Bölge Adliye Mahkemesi kararı davacı vekili tarafından temyiz edilmekle; temyiz şartı ve diğer usûl eksiklikleri yönünden yapılan ön inceleme sonucunda, temyiz dilekçesinin kabulüne karar verildikten ve Tetkik Hâkimi tarafından hazırlanan rapor dinlendikten sonra dosyadaki belgeler incelenip gereği düşünüldü:
I. DAVA
Davacı vekili dava dilekçesinde; ana gayrimenkulde bulunan bağımsız bölümlere, değerleriyle doğru orantılı arsa payı verilmediği gerekçesiyle mahkemece yeni arsa paylarının belirlenerek tapuya tesciline karar verilmesi talep etmiştir.
II. CEVAP
1. Davalı ... cevap dilekçesinde özetle; davacının talebine esas teşkil eden iddiaların asılsız olduğunu, davacının maliki olduğu bağımsız bölümün sırf alan ölçüsünden hareketle ileri sürdüğü iddia ve taleplerinin 634 sayılı Kat Mülkiyeti Kanun (634 sayılı Kanun) hükümleri ile çeliştiğini, davacının balkonları kapattığını, dışarıya olan çıkıntıları bağımsız bölüme eklediğini, bu şekilde cepheyi genişletmiş bulunmasının kendisine böyle bir talep hakkı vermediğini, tüm bağımsız bölümlere ilişkin balkonların malikleri tarafından aynı şekilde kapatıldığını, bu balkon kapatmalarının kat irtifakı, kat mülkiyeti kurulduktan sonra yapılmış olmasının 634 sayılı Kanun'un 44 üncü maddesi kapsamında mütalaa edilmesinin mümkün bulunmadığını, davacıya bu yönde dava hakkı sağlamadığını, ana yapının üçüncü katlarının kısmen dördüncü katlardan itibaren geniş deniz, adalar, yat limanı manzarasına sahip bulunmuş olmasının da payların tespiti ve satış değerinde önemli farklılıklar yarattığını, daha sonra inşa olunan Fenerbahçe Stadı ve yüksek binaların sadece, dördüncü kat dahil, üst katlardaki bağımsız bölümlerden görünebilen manzaraların bir ölçüde kapanmasına neden teşkil ettiğini, bu hususun başlangıçta belirlenen pay oranlarının değiştirilmesine neden teşkil etmeyeceğini, davacının bağımısız bölüm iktisabından yaklaşık 20 yıl geçtikten sonra ana bina ile ilgili bir takım tasarrufların yapılabileceği sırada, böyle bir dava açarak talepte bulunmasının iyi niyetle bağdaşmadığını, davanın reddine, yargılama giderlerinidavacı tarafa yükletilmesine karar verilmesini talep etmiştir.

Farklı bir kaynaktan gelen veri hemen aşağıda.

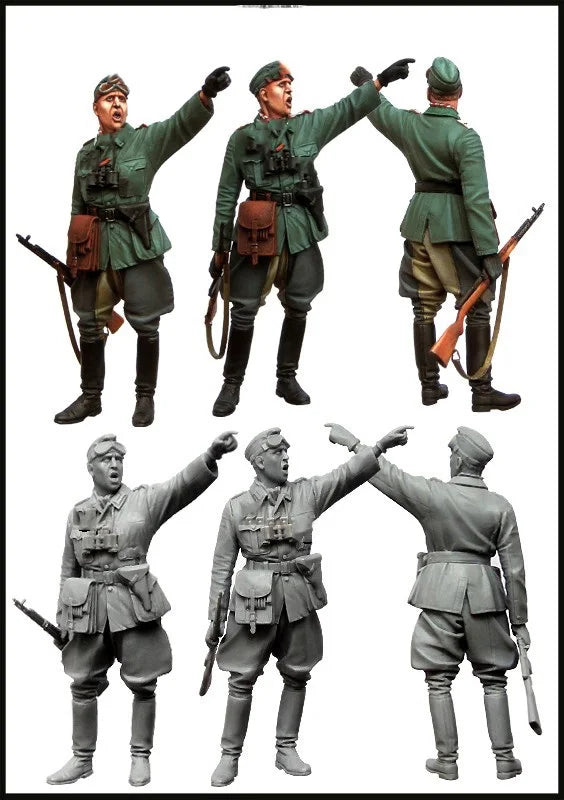 1/35 WWI German Officers Pointing and Directing, 6 Figures, Resin Model Figure Kit, Unassembled and Unpainted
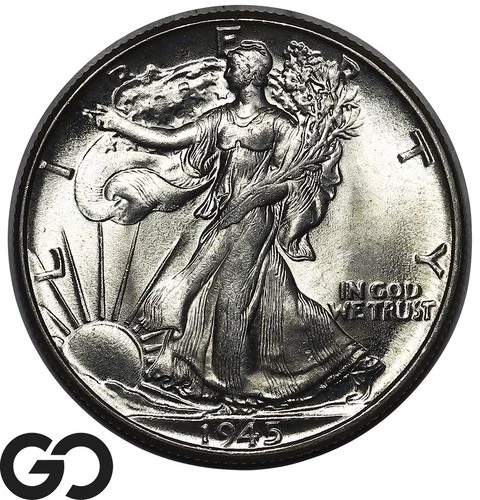 1945 Walking Liberty Half Dollar Solid Gem BU++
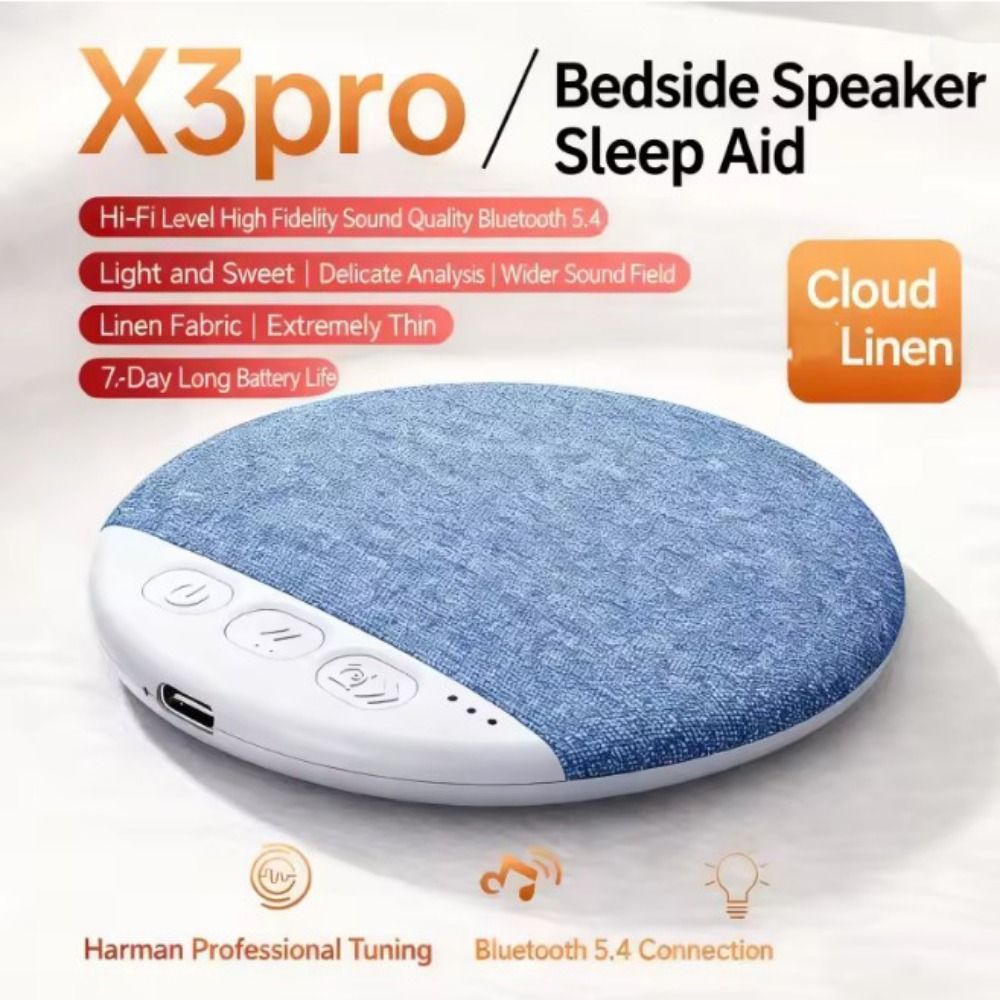Bone Conduction Under Pillow Speaker: Wireless Bluetooth Sleep Soundbar, Timer Auto-Off, Tinnitus Masking White Noise Box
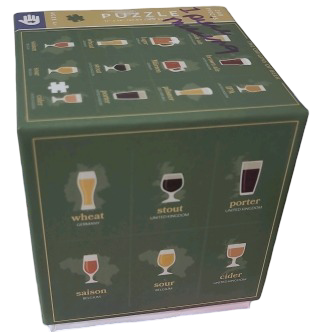 An informational chart illustrating various types of beer and cider in their appropriate glassware.
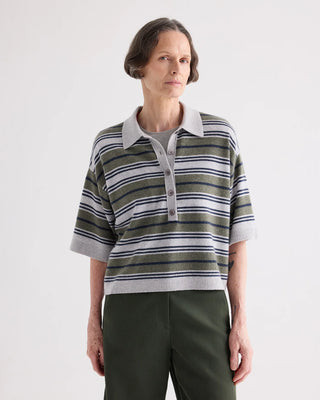 Meridian Boutique TWP Short Sleeve Polo Sweater With Stripes - TWP Short Sleeve Polo Sweater With Stripes | Shop.com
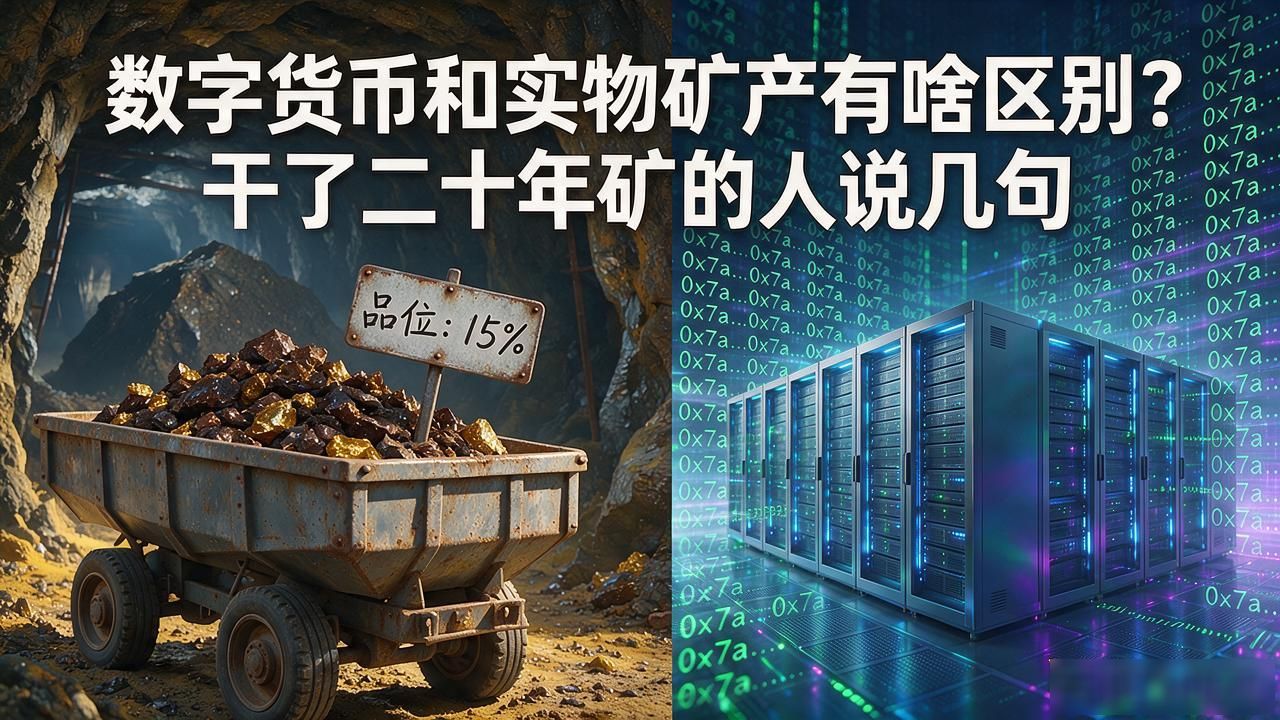 数字货币和实物矿产有啥区别？干了二十年矿的人说几句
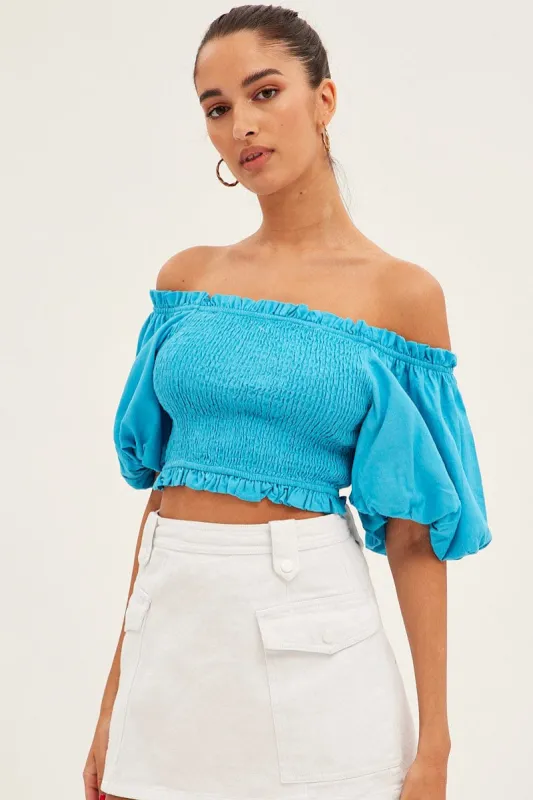 Blue Shirred Top Volume Short Sleeve Crop Linen Blend sold by Ally Fashion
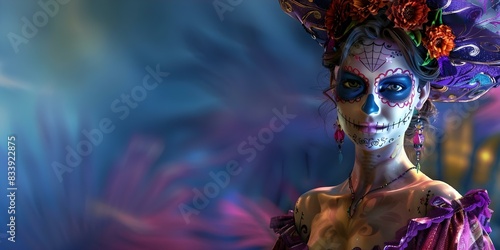 Creating a D render of a woman in Mexican Day of the Dead costume. Concept 3D Render  Woman  Day of the Dead  Costume  Mexican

2. Davalı ... Sevilir cevap dilekçesinde özetle; davacının hukuka aykırı olarak balkonu duvarı yıkarak daireye eklediğini, davacının arsa payının 20/400 olduğunu, giriş katın dışındaki dairelerin arsa paylarını 30/400 olduğunu, davacını haksız olarak 115 metrekareyi dairesine kattığını, davacının kötü niyetli olduğunu davanın reddine, yargılama ve vekâlet ücretini davacı tarafa yükletilmesine karar verilmesini talep etmiştir.
3. Davalı ... cevap dilekçesinde özetle; dava konusu taşınmazın giriş ve üzeri 6 kat olan taşınmaz olduğunu, giriş dairelerin holünün kapladığı alan kadar diğer dairelerden küçük olduğunu, arsa paylarının oransız olarak belirlenme şartını gerçekleşmediğini, dava açan davacının kötü niyetli olduğunu bu nedenle davanın reddine karar verilerek yargılama giderleri ve vekâlet ücretini davacı tarafa yükletilmesine karar verilmesi gerektiğini beyan etmiştir.
4. Davalı ... cevap dilekçesinde; davanın iyi niyet ve dürüstlük kurallarına aykırı olduğunu, değer artış ve azalışları sonucunu doğuran sonradan yapılan değişikliklerin, yeni bir arsa payı düzenlemesi gerektireceği iddiasına dayanak yapılmak istenmesinin kanuna aykırı olduğunu, zemin katta bulunan bağımsız bölümün asdece otopark ve sokağa baktığını, üst kat ve dairelerin deniz doğa ve şehir manzarasına sahip olduğunu, davacının maliki olduğu dairenin birçok konuda üst katlara göre dezavantajlarının olduğunu, davacının beyana dayalı DASK poliçesi düzenlettirilirken kendine göre belirlediği bir metrekare üzerinden poliçe düzenlettirtmesinin hukuka dayanak teşkil etmeyeceğini, malik olduğu dairenin bugünkü arsa payından daha yüksek pay oranına sahip daire olduğunu, açıklanan nedenlerden dolayı davanın reddine, açıklamaları çerçevesinde arsa paylarının yeniden düzenlenmesini, yargılama giderlerinin karşı tarafa yükletilmesine karar verilmesini talep etmiştir.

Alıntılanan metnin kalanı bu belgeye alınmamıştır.